Hyperfunctioning papillary thyroid carcinoma: A case report with literature review

Abstract

Introduction: Thyroid malignant tumors are rarely associated with hyperfunctioning thyroid. The incidence of this co-incidence is highly variable. Here we report a rare case of papillary thyroid cancer associated with hyperthyroidism with brief literature review.

Case report: A 40-year-old male, presented with palpitation, excess sweating and weight loss for one month duration. There was asymmetrical swelling of the neck, more on right side, mobile. Free T3: 11.09pmol/L, free T4: 34.41pmol/L, TFT: less than 0.005mIU/ml, Neck ultrasound showed features of background thyroiditis. Left lobe contained 9×7×5mm nodule with irregular outline and multiple dots of calcification, other nodules are of the same features. Under ultrasound guide, fine needle aspiration cytology showed features of papillary carcinoma. After preparation, total thyrodectomy done and the result of histopathological examination confirmed papillary thyroid carcinoma. The patient was put on 0.2mg thyroxine daily.

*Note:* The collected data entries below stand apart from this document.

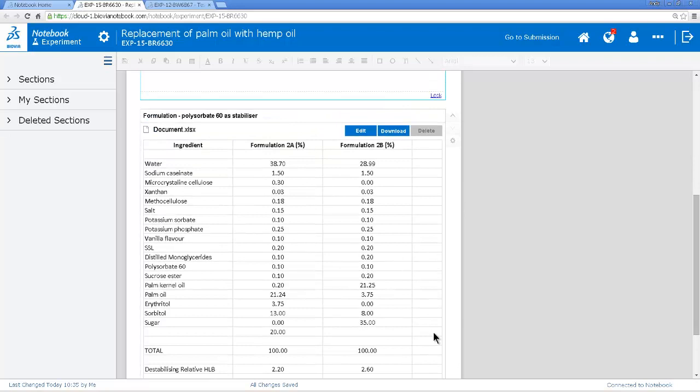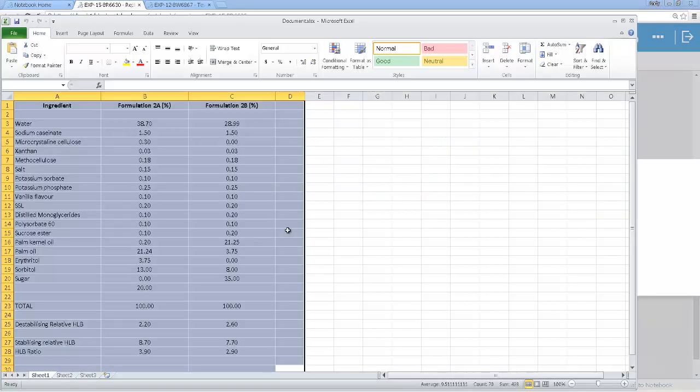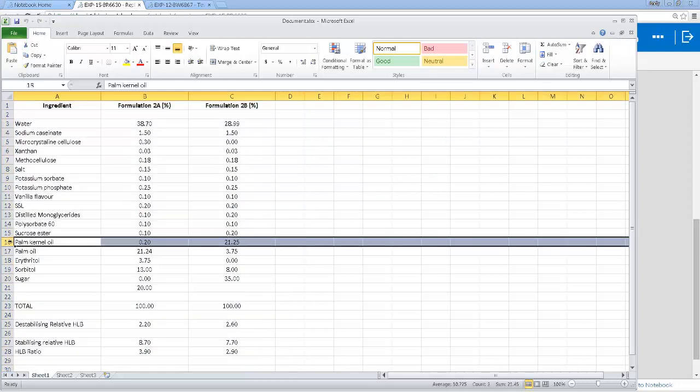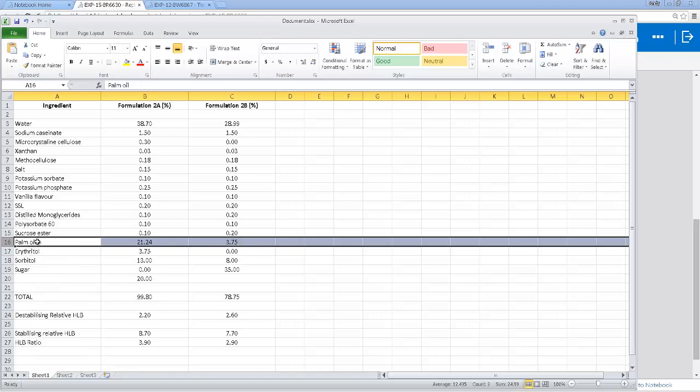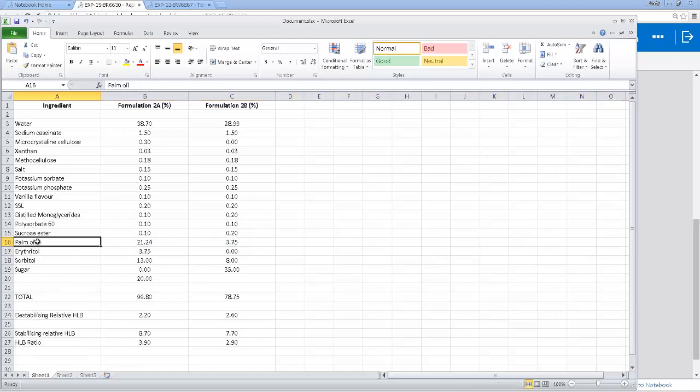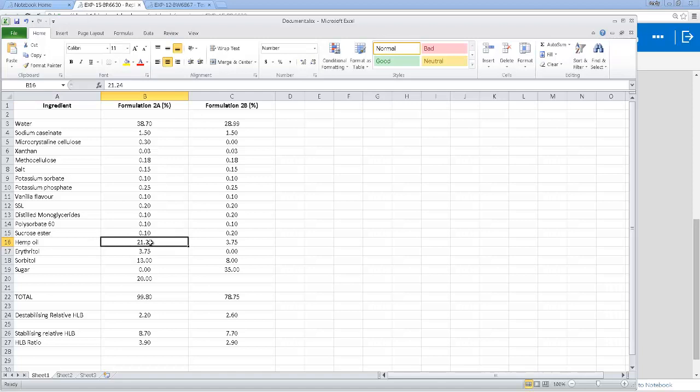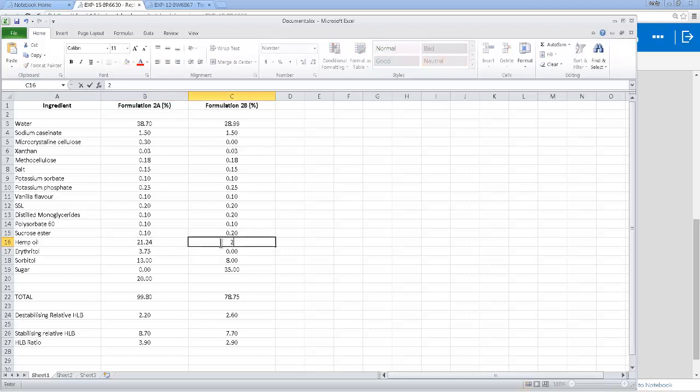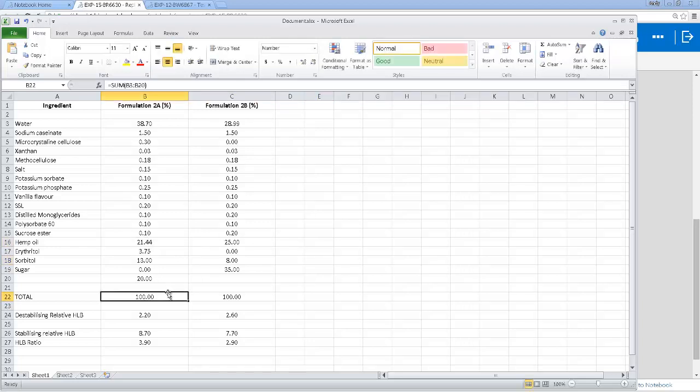So here that's been added. And now I need to modify this so that I'm going to use hemp oil instead of the palm oil. So I open up the Excel file. I don't need the palm kernel oil so I'll delete that row. And the palm oil I'm going to substitute with hemp oil. I need to change the quantities here so they add up to 100.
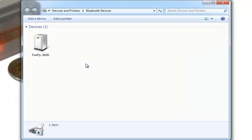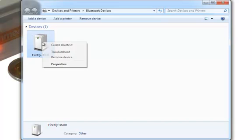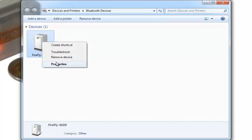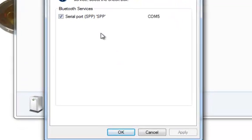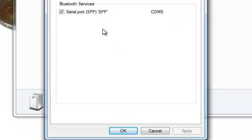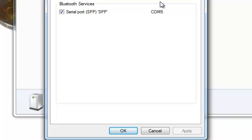I can view the device properties to confirm the serial port that has been assigned. I am looking for the one called SPP, or Serial Port Profile. In my case, the Shimmer has been assigned to COM5.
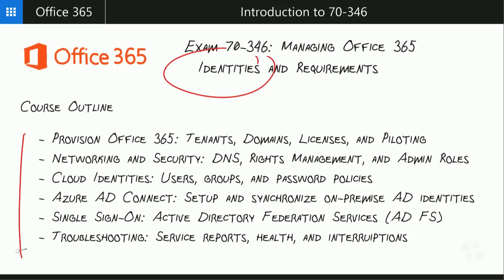Here's the breakdown of topics we'll cover: provisioning Office, networking and security, cloud identities, and Azure AD Connect — a product that synchronizes an on-premise Active Directory server with Azure Active Directory. We'll also talk about setting up single sign-on, which makes things easier for users and administrators alike. And of course we'll cover troubleshooting, monitoring, and service checks, which are all a big part of our day-to-day job.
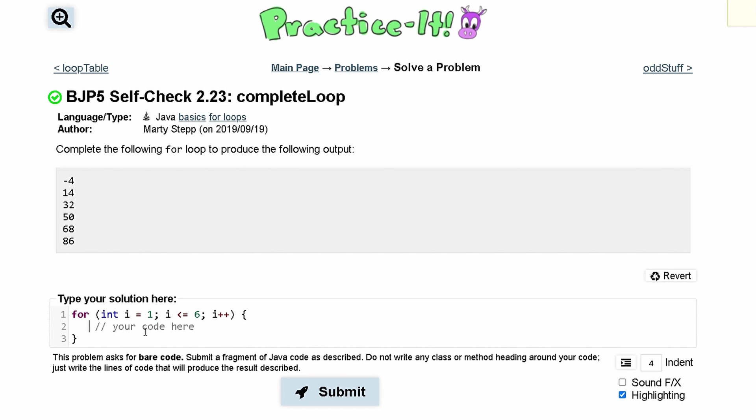So what we need to do first is write a sysout statement. That way we can actually produce something. So we have system.out.println.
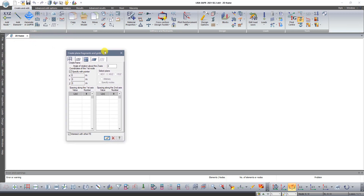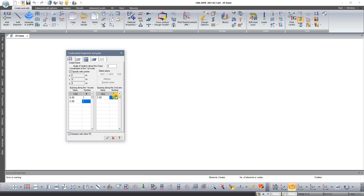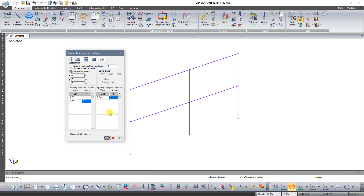In the dialog box that appears you can see two tables. The first table represents spacings along axis X — frame spans. The second table represents spacings along axis Z — frame floors. Specify the value and number of spans along each axis, then click Apply.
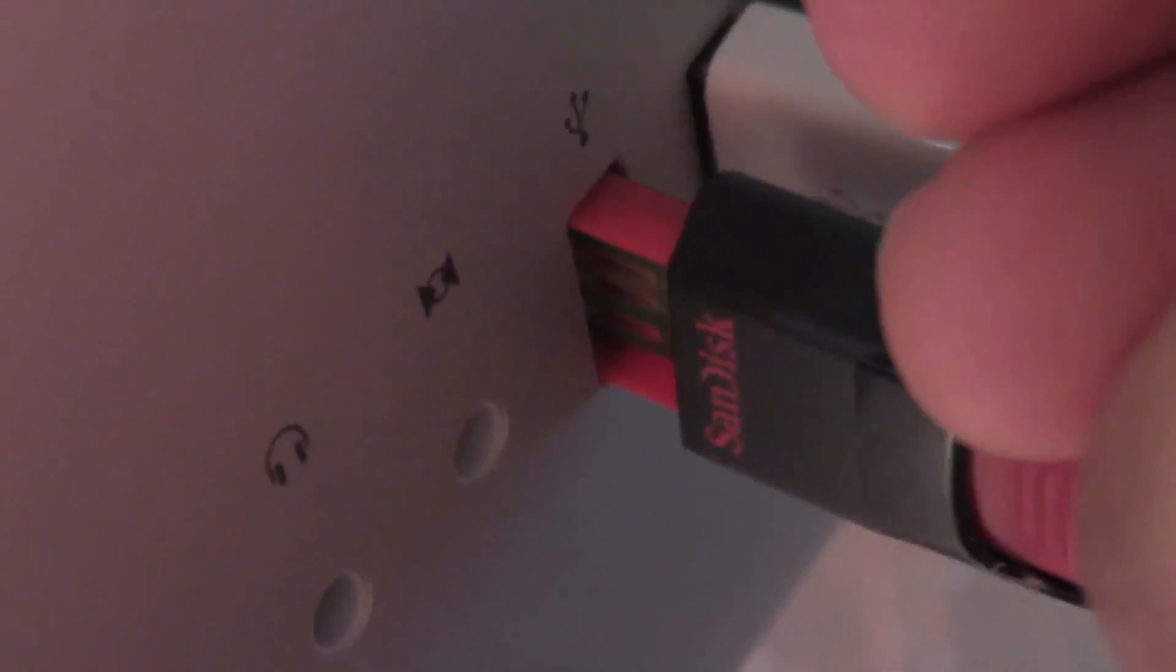Once you have that drive available and ready to go, just go ahead and pop it in your Mac just like this. If I can get it in there. Alright, so it's plugged in.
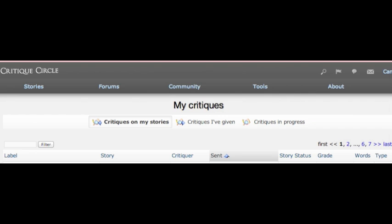And so this is the process of earning credits, doing critiques. I hope it was helpful. If you have more questions, let us know.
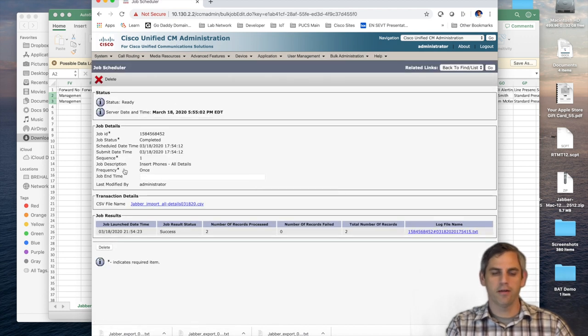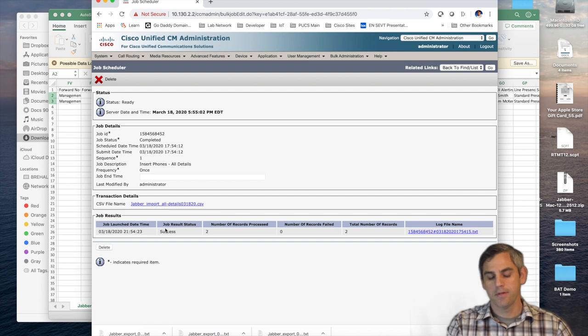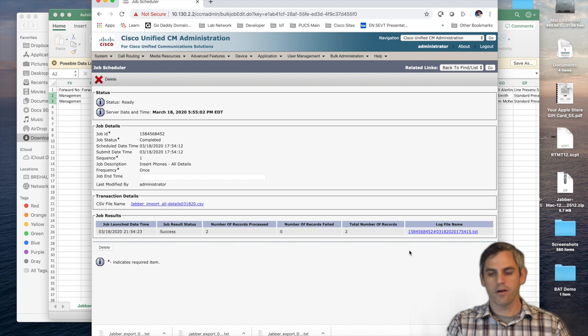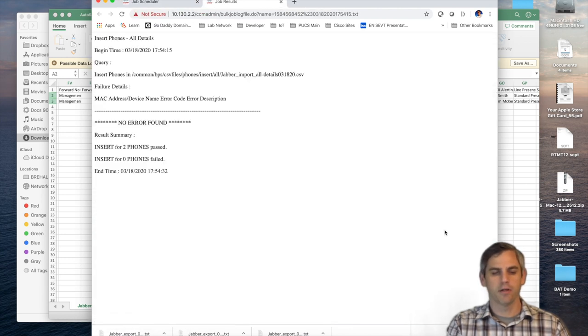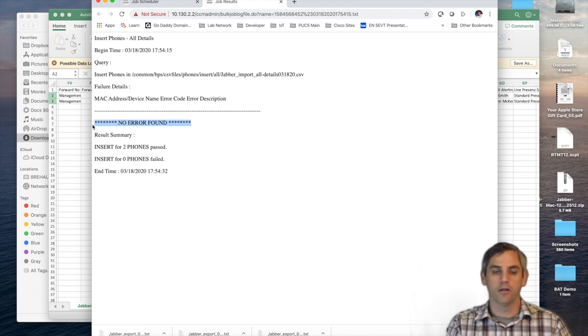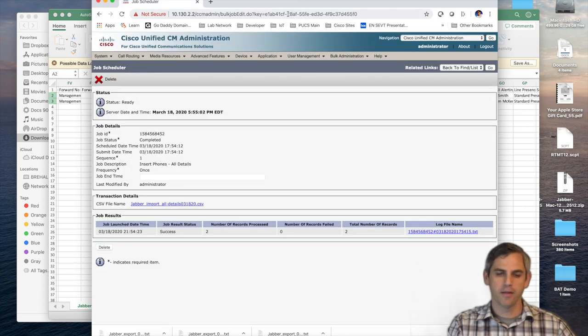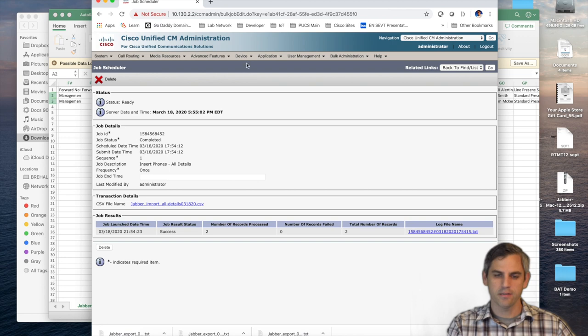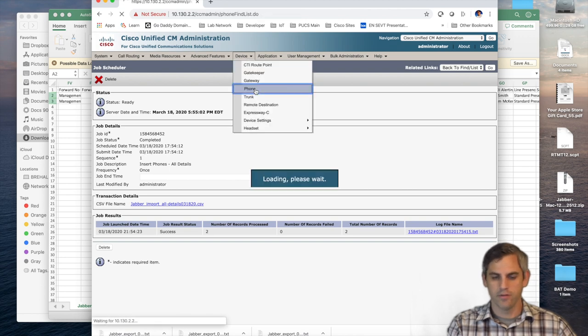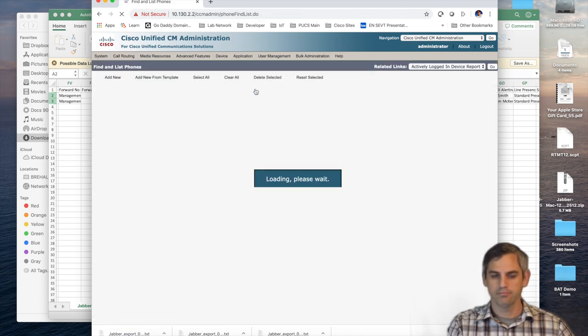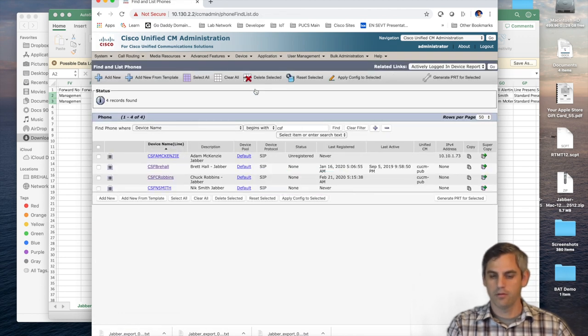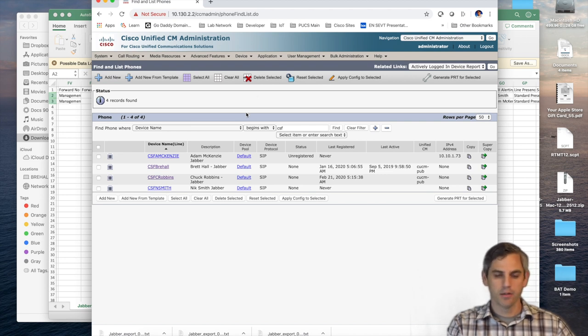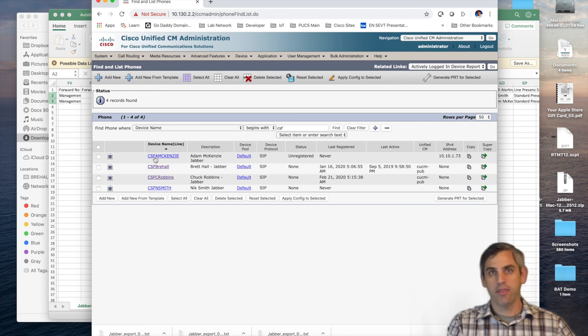Just real quickly, I'm going to show you how to do that. You can see that this job result was a success, which is good. But this is the log file that you would click into to troubleshoot any kind of errors. And as you can see here, there are no errors found with the job I just ran. So I'm going to close this out. And I'm going to go now into device and phone and just verify that those Jabber phones were added successfully, which they were, which is good.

Discussion: Literature review has showed an increasing number of papers reporting the association of high level of thyroid function tests and thyroid malignancy. The cause of high level of TH in thyroid malignancy is thought to be due to an active mutation of the gene of TH receptor. Niepomniszcze and colleagues found that a combination of TSH receptor mutations and Ki-RAS was the main etiological factor for hyperfunction of the thyroid malignancy.

Conclusion: Although the coexistence of them is rare, thyroid malignancy should be put in the differential diagnosis of hyperthyroid goiter.

Keywords: Hyperthyroidism; Ki-RAS; Papillary thyroid carcinoma; Thymoglobulin.

Fig. 1

Papillary carcinoma with the characteristic oval nuclei with grooving (black arrow), multinodular background (white arrow), ground glass appearance (yellow arrow).